Reputation: 43
We are building a web based application to design custom shirts. It will have the same functionality as http://www.blanklabel.com/Products/Shirt
Both applications, based on visitor's selections, use pre-generated image slices to display the custom shirt image.
What I wonder is how these slices are generated. Manually by a graphics designer using a graphics or modelling tool(Photoshop/3DSMax etc.) or programmatically using a technique like texture mapping on a 3D model?
Is it possible to achieve realistic results like the ones in blanklabel.com using a programmatic technique?
Upvotes: 1
Views: 262
Reputation: 3326
If you want to generate programmatically photorealistic fabrics, there are a couple papers about that, and in particular the very recent papers:
http://www.cs.cornell.edu/projects/ctcloth/
and
http://www.cs.cornell.edu/~srm/publications/TOG12-cloth.html
However, they are computationnally expensive (you wouldn't get realtime results to show your clients), so you'd better render these fabrics offline - or alternatively take good quality close-up pictures.

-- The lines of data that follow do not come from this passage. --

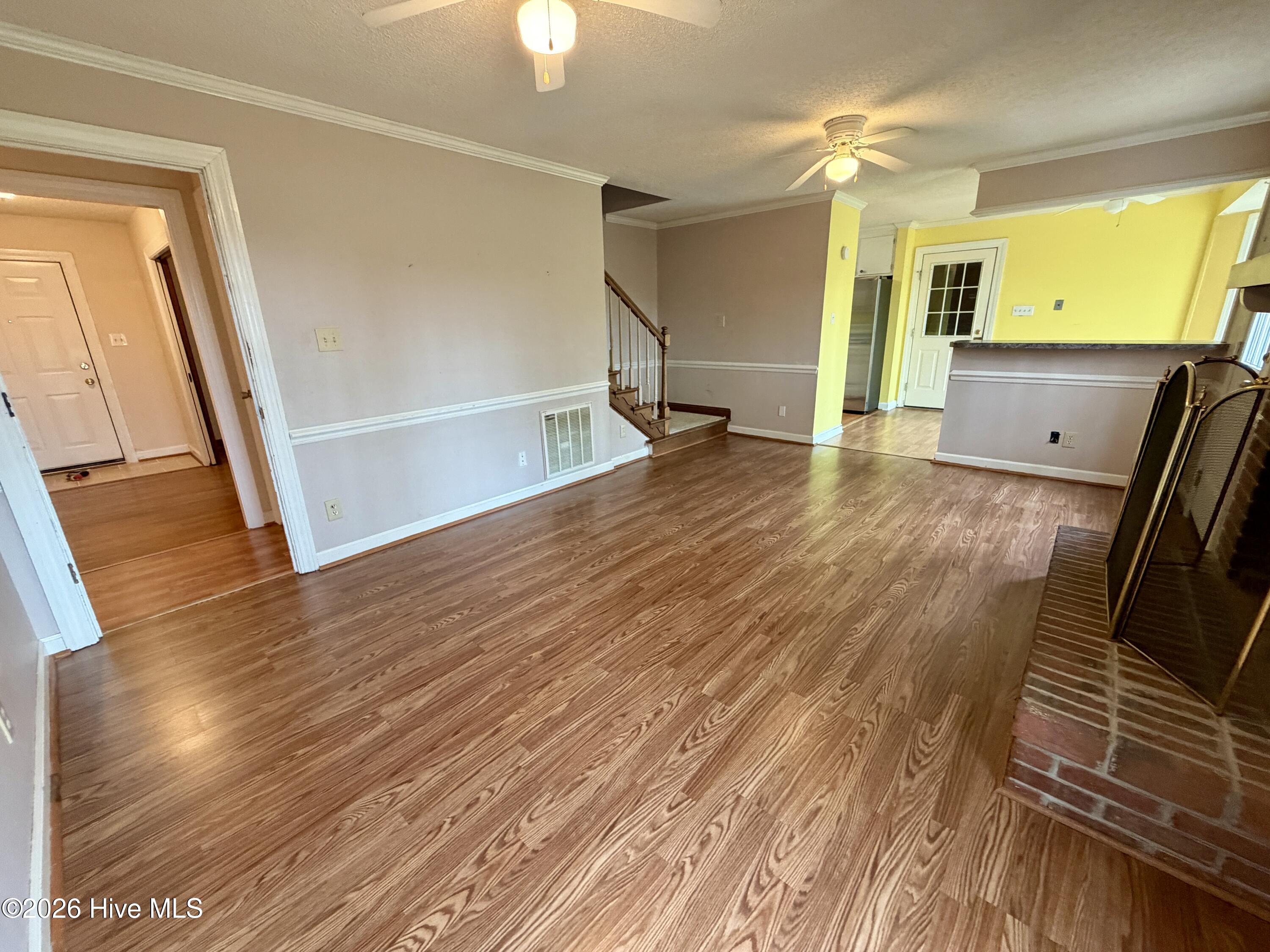 2454 Buckboard Trail Property Photo 14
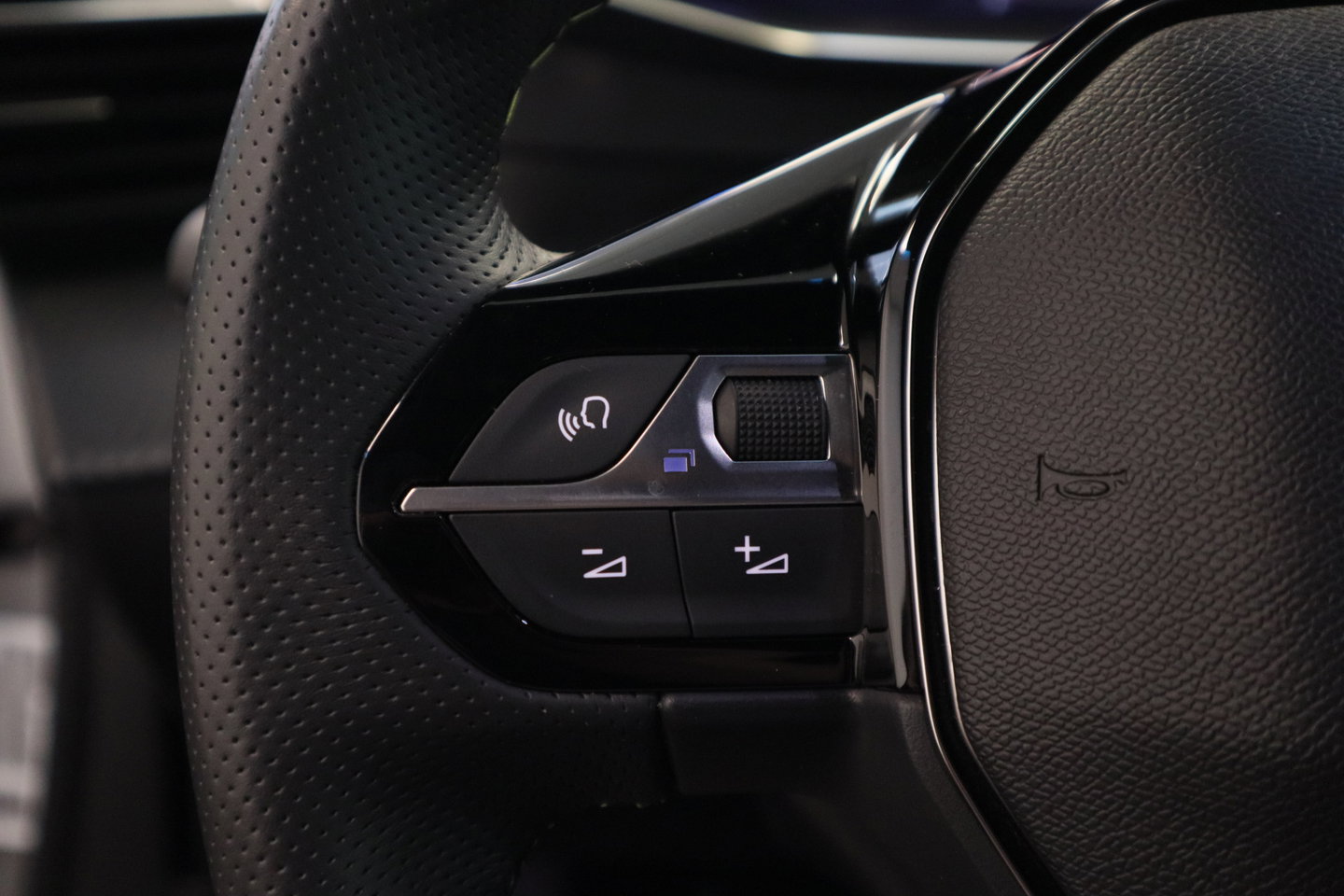 Peugeot e-2008 EV GT Avantage 54 kWh 360 camera Navigatie Blindspot NAP 24 Maanden garantie* (Vraag naar de voorwaarden)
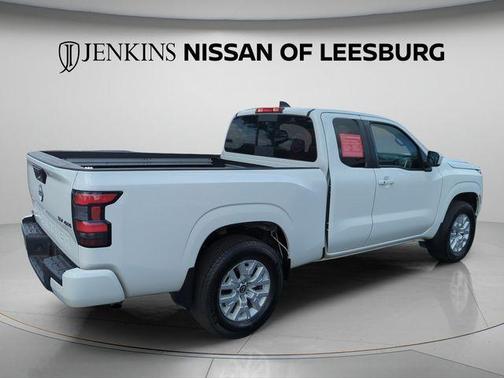 Glacier White 2024 Nissan Frontier SV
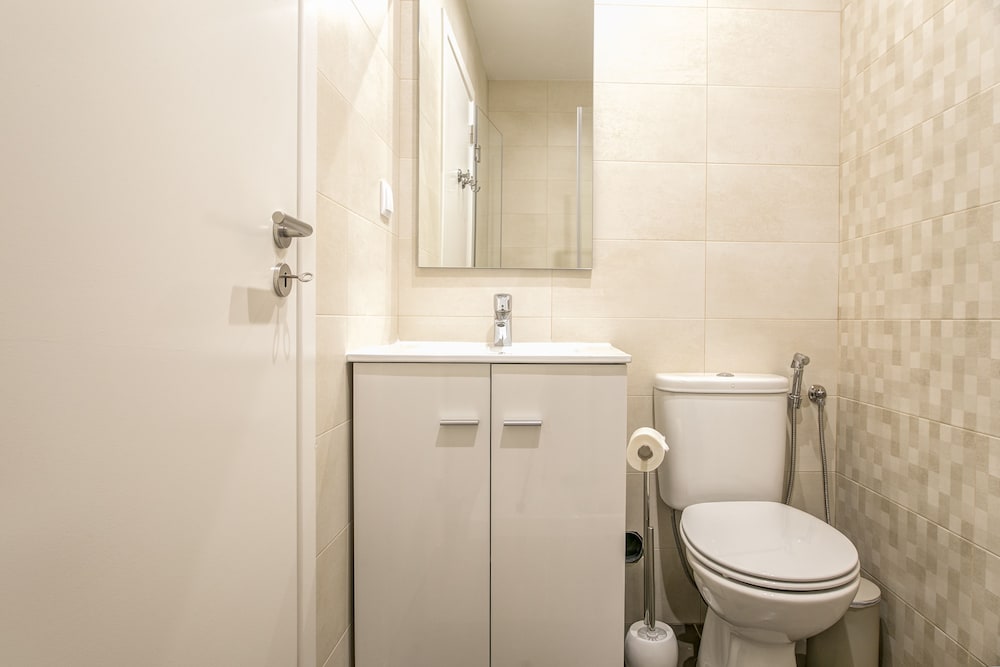 Home Out Rooms and Apartments 50/50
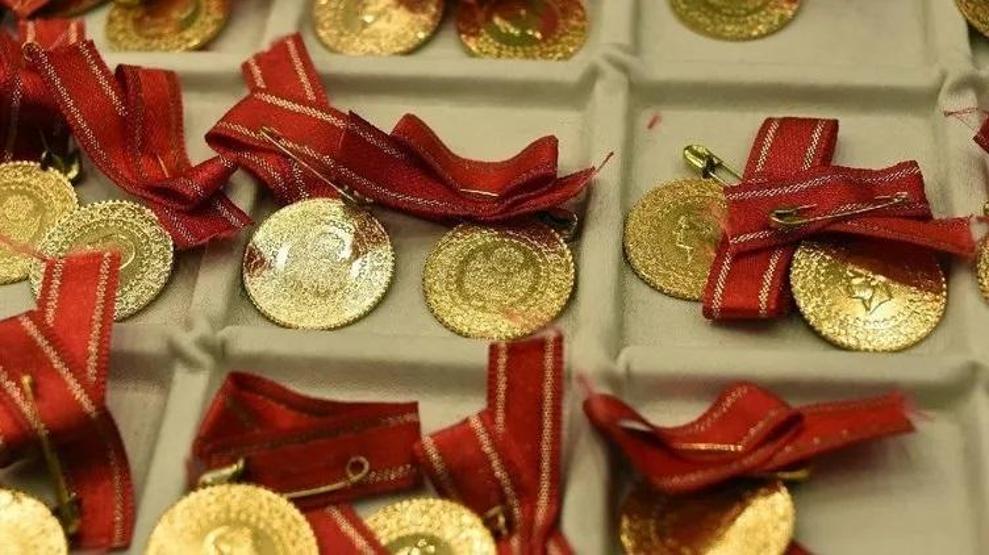 31 EKİM 2025 CANLI ALTIN FİYATLARI: Gram Altın Ne Kadar Çeyrek Altın Fiyatı Ne İşte Gram, Çeyrek, Yarım, Cumhuriyet Altını Fiyatları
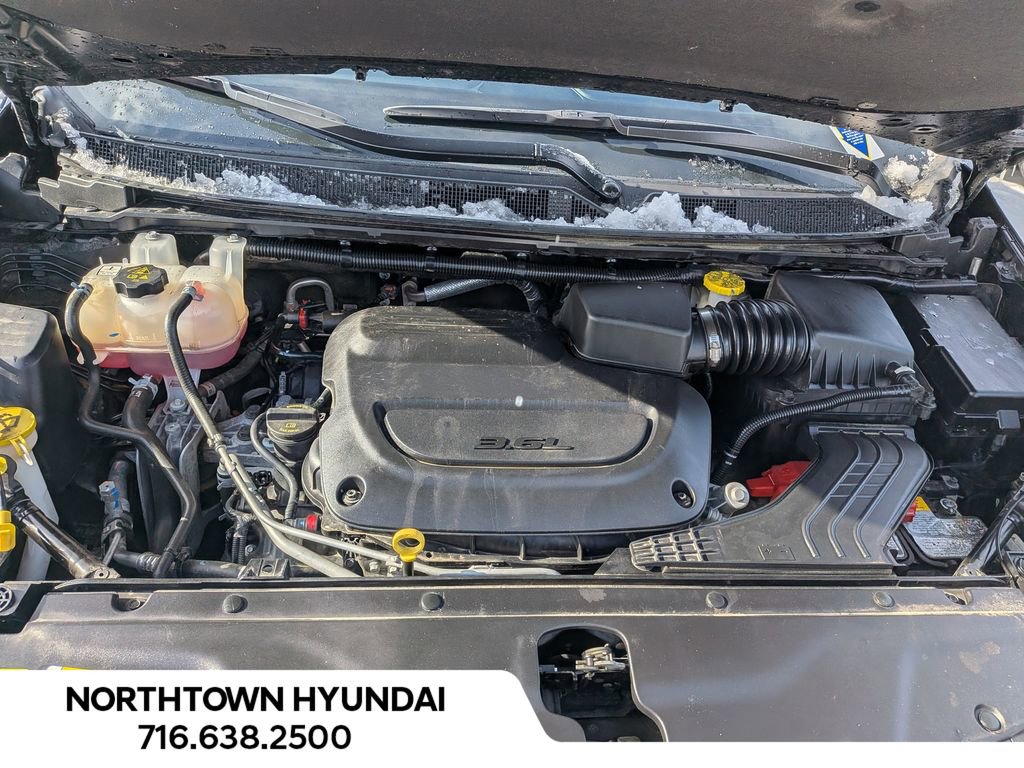 Used 2024 Chrysler Pacifica Touring-L image 38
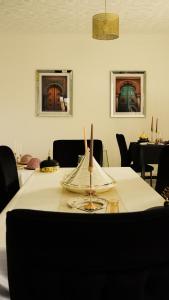 a table with a napkin on top of it at Maison d'hôtes Kamilia in Ksar es Sghir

You might also want to hack a spatialy varying BRDF model with some Phong lobes and a texture to control the lobes... but I am not sure this would really look great. The result would highly depend on the artist who will manually tune the parameters so that it looks like the actual fabrics.
Upvotes: 0
Reputation: 22366
This would be a guess, but I would create the shirt (or rather the shirt's components) in a modelling application (Blender, 3ds max, Maya, etc) and set all the UV mapping that way. Then when a user makes a selection, the image is rendered through a game engine (the shadows can be baked as there is no lighting or camera movement) on your servers and then pushed to the client's browser.